The motivation behind developing a business strategy is defining the organization’s overall goal and creating an execution plan accordingly.

For most businesses, being customer-centric is one of the key elements to become more profitable.

Personas are an excellent tool to achieve customer-centricity and play a significant role in the business strategy development process. The executive level is often far away from the actual customers. The created buyer personas will provide an in-depth understanding of the client base to make the right strategic decisions.

Review of Status Quo

To know where you want to go, you need to know where you are. Gather as much information from the different departments to paint a clear picture of where the company stands.

Creating personas by analyzing customer reviews, surveys, social media, analytics, and so on will turn the data into actionable insights about your customers and help you understand where the company stands. Acknowledging the pain points, emotions, Go-tos, interests of the current customers uncover areas within the business that need attention. Additionally, creating competitor personas will help set goals for the future sales, marketing, and product development team.

Creating the vision statement

After you understand the status quo, it is now time to create a vision statement. Being customer-centric means building the strategy and every department involved around the customers. Thereby, the better you understand your customers, the easier it will be to define the vision and steer the entire team towards it. When you see the personas in front of you, it will be much easier to define a strategy that fits the customer’s requirements.

Creating the mission statement

The mission statement will give the overall guidance on how to achieve the vision. Identifying the pain points, emotions, Go-tos of the personas will help you to do so. Think about what needs to be done to sell your vision to different customers.

Analyzing Core Competencies

Re-examining the core competencies of your team and mapping them with your client personas can be extremely useful. By mapping these two, you can identify areas that need extra attention and further development. You might realize that particular customer service’s core competencies are missing to please specific customers.

By looking at your competitor personas, you can uncover that specific product attributes are missing, and your product development team lacks the competencies to develop them.
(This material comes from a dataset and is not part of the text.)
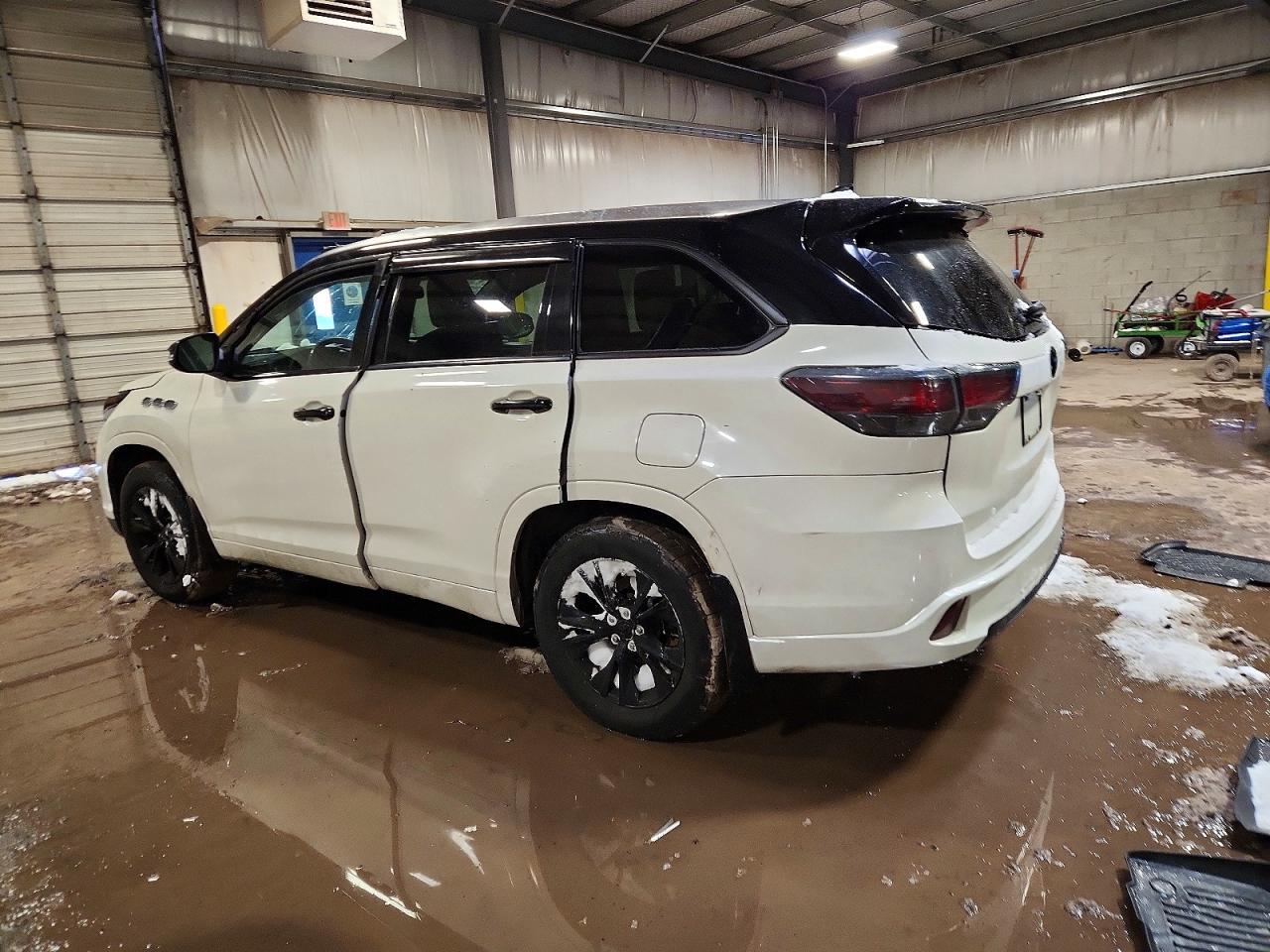2015 TOYOTA HIGHLANDER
Summing up, the personas help to prioritize missing competencies or enhancing those that already exist and are of high value for your clients

Depending on the depth of the analysis, this might be a pretty lengthy process. Conducting market research and analysis, customer reviews and surveys, financial projections, etc., are essential to a successful SWOT analysis.

Using personas as a source of information in this process is growingly common. Mapping strengths and weaknesses (internally), as well as opportunities and threats (external) with your client personas, make the analysis more tangible.

Identifying and Solving Strategic Issues

Once you have identified the core competencies, created the SWOT analysis, and mapped both with your personas, you will define and communicate the strategic issues combined with a clear set of goals. Here a quick example - how would you compare the following plans.

We need to improve our customer service to increase our customer lifetime value.


To increase our persona X’s customer lifetime value, we need to improve our technical email support. It will enhance the trust and avoid anger towards our service, which seems to be a significant trigger to cancel our service for persona X.

Creating clear defined goals for the different personas will save you money and help the various teams better allocate the resources.